Safety in Numbers
How often have you asked how delivery of an initiative, programme or portfolio is going and you’ve been handed a dashboard with metrics showing positive trends but doubted whether they are actually telling you anything meaningful?
Having worked in the world of delivery for over 15 years, both as a practitioner and consultant, I’m going to discuss how I’ve seen data used to make people look good but, more importantly, I’m going to share how to use data in the right way to enable a data-driven culture.
So what is a data-driven culture and why do you need one?
Well, it promptly helps organisations identify gaps and opportunities in their growth strategy. The most compelling benefit of becoming a data-driven culture is the ability to increase agility and make fast decisions based on accurate data insights, not just customer insights but also internal operations. How can you remove waste from your system to increase delivery flow, reduce cost of delivery and improve return on investment, as you’re able to realise value sooner..
How do we make data meaningful (by which I mean more than just a number)?
By converting the data into a metric that is a quantitative measurement of data in relation to what you are actually measuring.
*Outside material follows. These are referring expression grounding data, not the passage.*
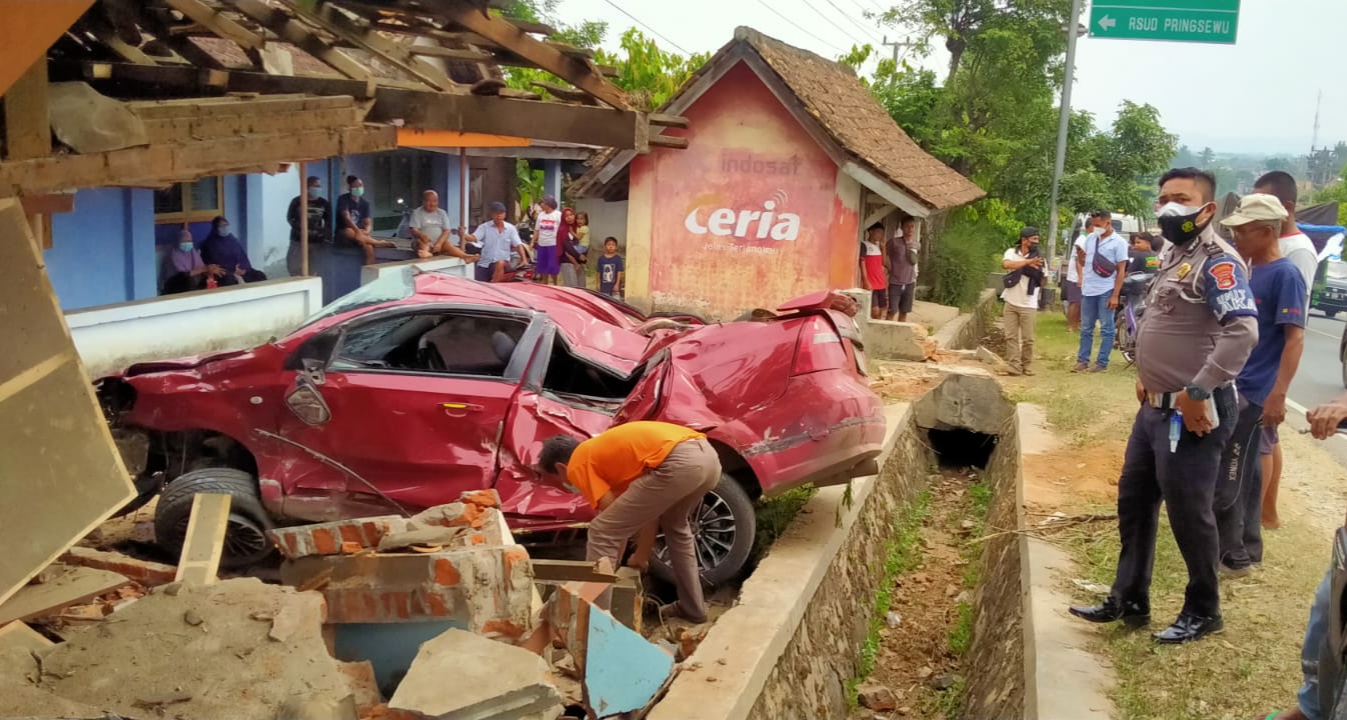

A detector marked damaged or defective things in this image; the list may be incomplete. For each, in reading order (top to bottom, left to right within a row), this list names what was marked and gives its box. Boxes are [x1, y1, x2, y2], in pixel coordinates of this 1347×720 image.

shattered car window [294, 267, 414, 332]
crashed red car [102, 270, 883, 586]
broken concrete slab [0, 567, 127, 624]
broken brick [58, 549, 176, 589]
broken concrete slab [61, 546, 177, 586]
broken wall [964, 409, 1023, 715]
broken concrete slab [27, 578, 369, 720]
broken concrete slab [387, 629, 560, 720]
What you measure should inform your situational awareness.
Let’s explore the different type of metrics:
Vanity Metrics: These are metrics that make you look good by showing positive trends, but when you scratch the surface don’t really help you understand the performance of what you’re measuring in a way that informs future strategies, i.e. they’re not actionable.
Examples of such metrics I’ve come across:
- Number of page views (the context… what about conversion?)
- Number of app downloads (the context… did this lead to ongoing use of the app and conversion?)
- Number of story points dev done, (the context… did they release?)
- Number of commits (the context… is this efficient engineering, striving for technical excellence?)
Edward Deming put it best.
“Just because you can measure it doesn’t mean you should.”
(Spoiler alert! This won’t be the last Edward Deming quote in this blog.)
Political Metrics: These are metrics that show your stakeholders what you want them to see. You might use a political metric to support an alternative agenda, be a little opaque about progress or, more often from my experience, use this type of metric when there is a lack of understanding of what should be measured.
Examples of such metrics I’ve come across:
- Number of user stories releases, without lead time
- Number of production defects resolved, without severity or resolution times
- Redefined lead time and/ or cycle times (excluding release in production)
- Velocity of teams, which has no context outside of the team
- Number of features released, but without the effect on business KPI feedback
“If you can’t describe what you are doing as a process, you don’t know what you’re doing.” Edward Deming
There is also a type of metric, which helps encourage behaviour change called an Incentive Metric. But be careful, they can become a double-edged sword. There’s a great Dilbert post here (https://dilbert.com/strip/1995-11-13) which sums up perfectly what can happen if you don’t invest in designing the correct metrics.
I’ve found incentive metrics really useful when trying to encourage members of the team to cross-skill or when reinforcing positive behaviours. I’ve used techniques like badges, ranking or the number of lunch & learns conducted.
Systemic metrics: My go-to type of metric, systemic metrics can represent a single team or a portfolio of teams. These metrics highlight opportunities for systemic improvements, such as reducing inefficiencies by increasing throughput or improving the way you prioritise to maximise benefit realisation, etc.
When designing a good systemic metric, ask yourself the following questions:
- Do meaningful data provide insights through trend analysis?
- Do metrics illustrate cause and effect?
- Do metrics enable continual learning and improvement?
- Are metrics designed against the end-to-end value stream?
Recommended Metrics
Metrics are typically unique to both the organisation and system you want to measure, however the core areas I would recommend measuring as a bare minimum are:
Productivity: Are you improving your ability to deliver products over time?
Value Delivery: Are you prioritising the right feature to deliver first?
Quality: Are you meeting your quality standards?
Sustainability: Are you working in a way you can continue for the long run?
When designing appropriate metrics, my goals is to:
- Provide the appropriate context with which to make data-driven decisions
- Streamline the work required by teams, stakeholders or leadership
- Reduce decision latency and lag between cause & effect
- Enable continual learning and improvement
The success in using systemic metrics is underpinned by one key behaviour: radical transparency of the data. This is fundamental, enabling you to honestly assess your progress, to inspect and adapt your product and process.
Systemic metrics enable you to learn how to improve efficiency, learn how to release value faster, learn how to prioritise better, learn how to empower and engage your people, and learn how to better serve your end user. It all leads to increased benefit realisation.
I’ll leave you with one last Edward Deming quote: “Learning is not compulsory… neither is survival.”